Thanks... that will give me something else to play with...


----------



## dlfl (Jul 6, 2006)

Here is the StreamBaby wiki Video Compatibility page:
http://code.google.com/p/streambaby/wiki/video_compatibility
Be sure to take this into account. I note that H.264 *Level 4.1* is listed as the highest compatibile level.


----------



## rfryar (Feb 15, 2008)

dlfl said:


> Here is the StreamBaby wiki Video Compatibility page:
> http://code.google.com/p/streambaby/wiki/video_compatibility
> Be sure to take this into account. I note that H.264 *Level 4.1* is listed as the highest compatibile level.


Yep you are right, the profiles I listed above are 3.0. My BluRay rips are set to 4.1. I do not know where I got 4.2 in my head from. 

Rick


----------



## larrs (May 2, 2005)

After a months long journey, and tons of input on the forums, I finally settled on mpeg2 for all my Tivo needs because of all of the little mpeg4 issues. Until Tivo changes the Premiere to a true media streamer, there are so many issues involved that it makes one headache after another. Streambaby works fine, but with a rebuffer occurring every 1GB, it is problematic for HD sources.

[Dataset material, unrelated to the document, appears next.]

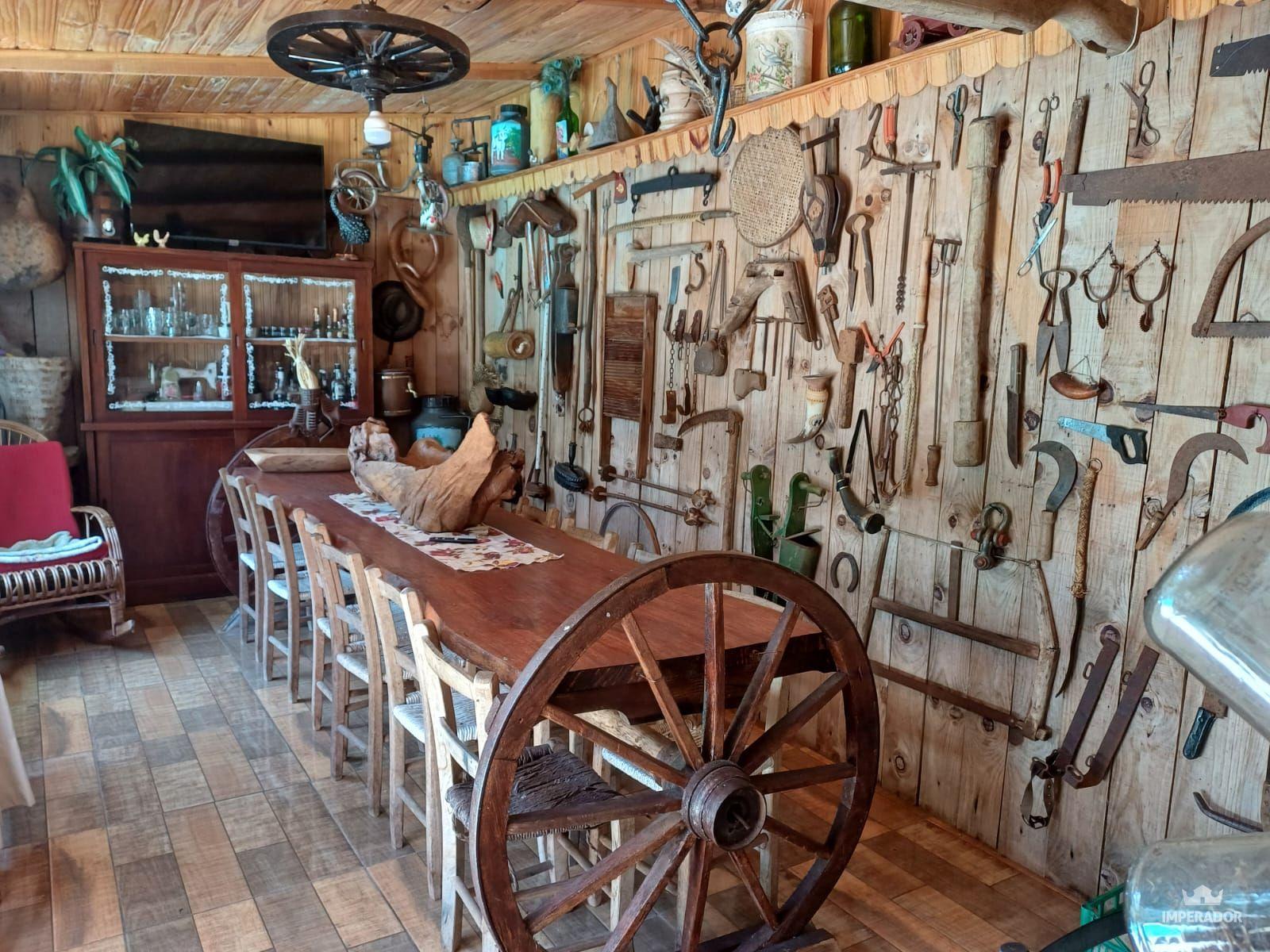 Imperador Imveis em Pato Branco PR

I have managed to get a 1080P h264 source of 20+GB down to 8.5GB 1080P mpeg2 (5.1 AC3) with VideoRedo and it transfers with TivoDesktop just fine, even on a TivoHD.

If you are staying with mpeg4, I found MeGUI as a slightly better encoding solution for a Tivo.


----------



## jcthorne (Jan 28, 2002)

I also gave up on handbrake for most encoding for tivo. MeGUI these days does a much more reliable job creating mp4s that the tivo plays well. There are a few parameters to avoid/keep to but within tivo's limits, it works well.

All my media is stored on our server in mp4 format as it plays well on computers, the tivo and a WDTV player we use in our motorhome. 

If someone wants some help with MeGUI parameters and use for tivo, please start a new thread on that subject and ask away. There are folks here that can help.


----------



## nrnoble (Aug 25, 2004)

jcthorne said:


> I also gave up on handbrake for most encoding for tivo. MeGUI these days does a much more reliable job creating mp4s that the tivo plays well. There are a few parameters to avoid/keep to but within tivo's limits, it works well.
> 
> All my media is stored on our server in mp4 format as it plays well on computers, the tivo and a WDTV player we use in our motorhome.
> 
> If someone wants some help with MeGUI parameters and use for tivo, please start a new thread on that subject and ask away. There are folks here that can help.


I have created a new MeGUI thread. I will give a try by using it to convert a few DVD movies.

Could you post your TiVo preset settings and\or provide a link where the preset can be downloaded.

Thx!


----------